Can Covaxin booster dose prolong protection?

The booster dose will be given six months after the second dose, the company is to follow up the participants for at least six months

April 17, 2021 08:25 pm | Updated April 18, 2021 10:05 am IST

Working sequence:  The first dose is a priming dose while the second dose given 28 days later is partially priming and partially boosting, and hence its boosting effect is short-lived, says Jacob John.

Working sequence: The first dose is a priming dose while the second dose given 28 days later is partially priming and partially boosting, and hence its boosting effect is short-lived, says Jacob John.

In a meeting held on March 24 , the Subject Expert Committee of the India drug regulator permitted Bharat Biotech to carry out a phase-2 trial of Covaxin wherein a booster dose is to be administered six months after the second dose to further improve vaccine efficacy. Currently, two doses of Covaxin are administered 28 days apart.

In the phase-2 trial 380 participants were recruited in all and were split into two groups of 190 each to receive either 3 microgram or 6 microgram of the vaccine. With the SEC directing Bharat Biotech to conduct the booster dose study only in the cohort that received 6 microgram of the vaccine, the phase-2 booster dose trial will be limited to 190 participants.

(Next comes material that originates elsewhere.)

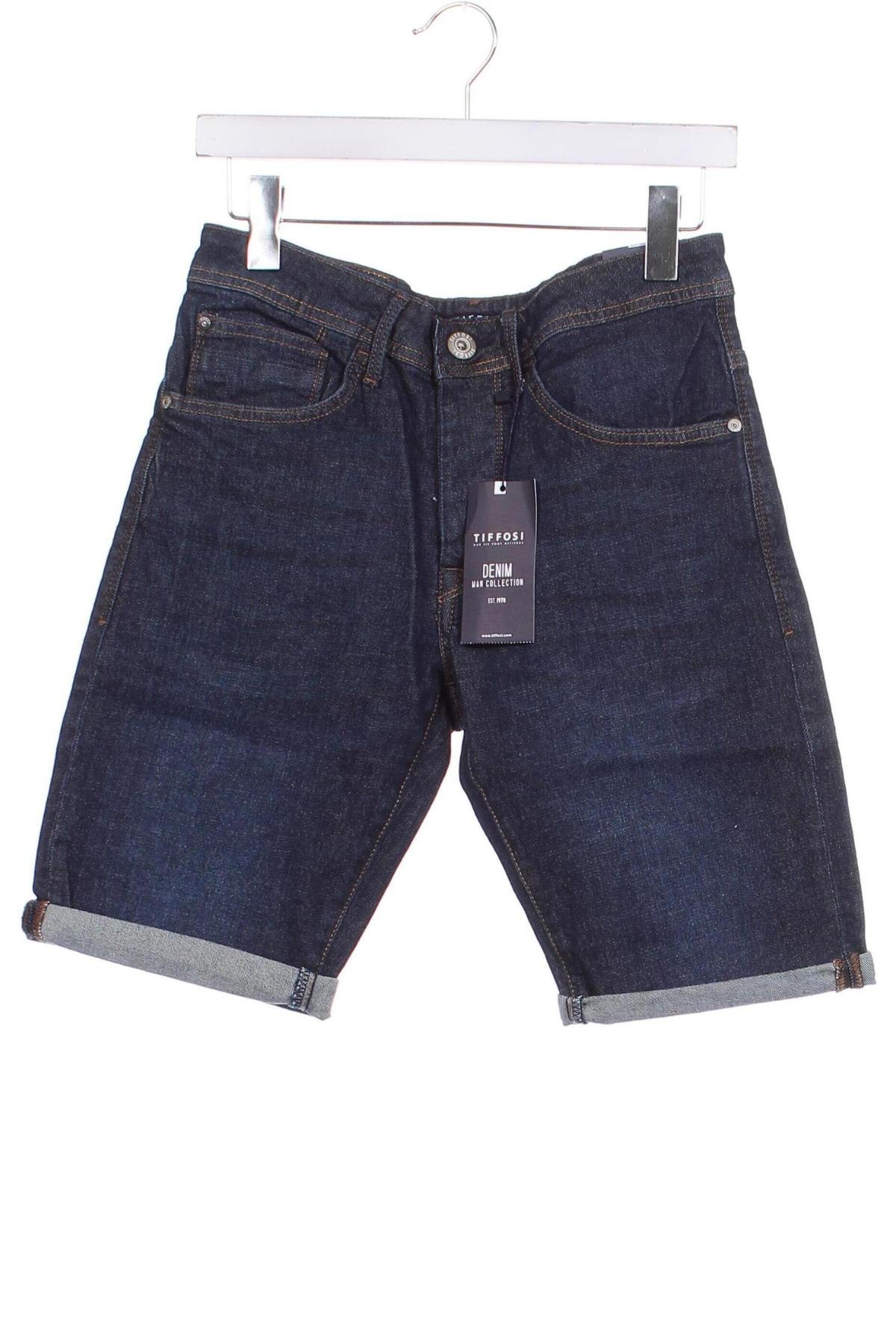 Herren Shorts Tiffosi, Größe XS, Farbe Blau, Preis € 13,99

The booster dose will be given six months after the second dose and the company has been directed to follow up the participants who get a booster dose for at least six months.

Virologist Dr. Jacob John, formerly with CMC Vellore, feels that providing a booster dose will be a good idea in increasing the duration of protection. “The immunological principle says that to make long-lived antibody secreting cells as well as long-lived memory T cells, the first and second dose should be given 28 days apart and the third dose should be given with a minimum gap of four months after the second dose and optimally five months after the second dose,” he says.

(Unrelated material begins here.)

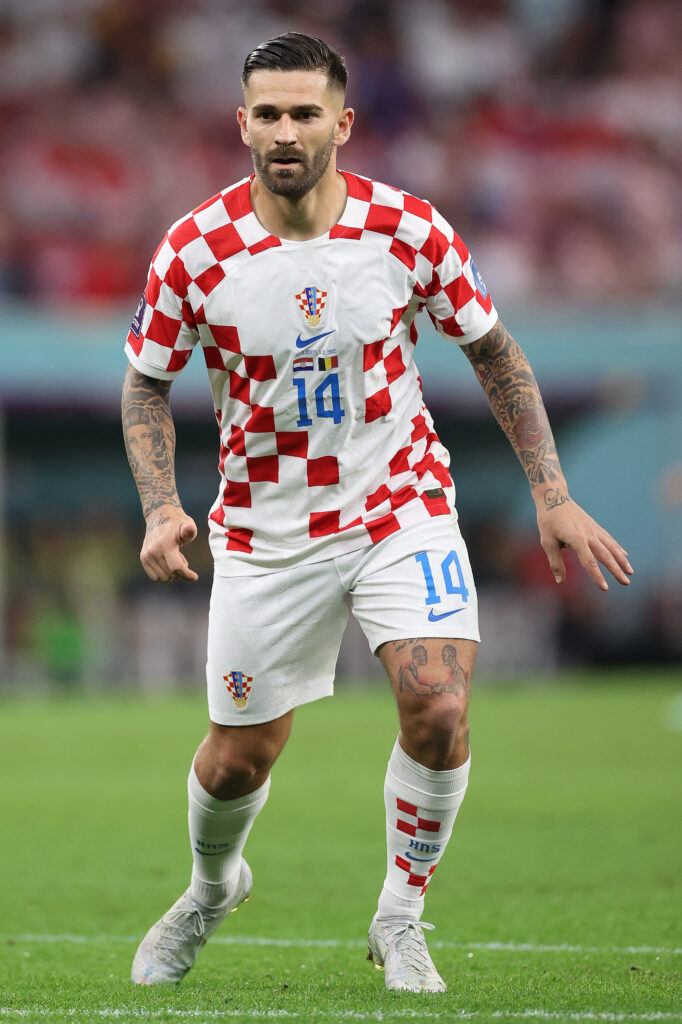 Croatia v Belgium: Group F - FIFA World Cup Qatar 2022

According to him, when only two doses of the vaccine are given with a gap of 28 days between doses, the immunity would last for about a year or so. “So if the disease is around for more than a year, then a booster dose is needed after a year if only two doses are given one month apart,” says Dr. John. “The reason being that the first dose is a priming dose while the second dose given 28 days later is partially priming and partially boosting. As a result, the boosting effect of the second dose is short-lived, which is about a year.”

Since Covaxin uses an inactivated virus platform, the virus does not multiply in the body and so the antigen level is maximum only for a day or two. In order to stimulate the immune system, a second dose is needed.

He warns that when the second dose is given less than 28 days after the first, no boosting effect is achieved, and when given after 28 days, the booster effect is only partial and will last for about a year. So a booster dose will be needed after a year if the disease is around.

“If the third dose is administered four–five months after the second dose, the immunological principle is that the immunity will be long-lived. This is because the antibody secreting cells will be treated specially by the body and will be taken into the bone marrow and will live for years and continue secreting antibodies,” Dr. John says.

North Arcot study

He recalls the North Arcot (in Tamil Nadu) Polio study of 1986–95 where the inactivated polio vaccine was tested as three doses under the government’s watch. As required by ICMR, the study compared oral polio vaccine (OPV) and the inactivated polio vaccine (IPV).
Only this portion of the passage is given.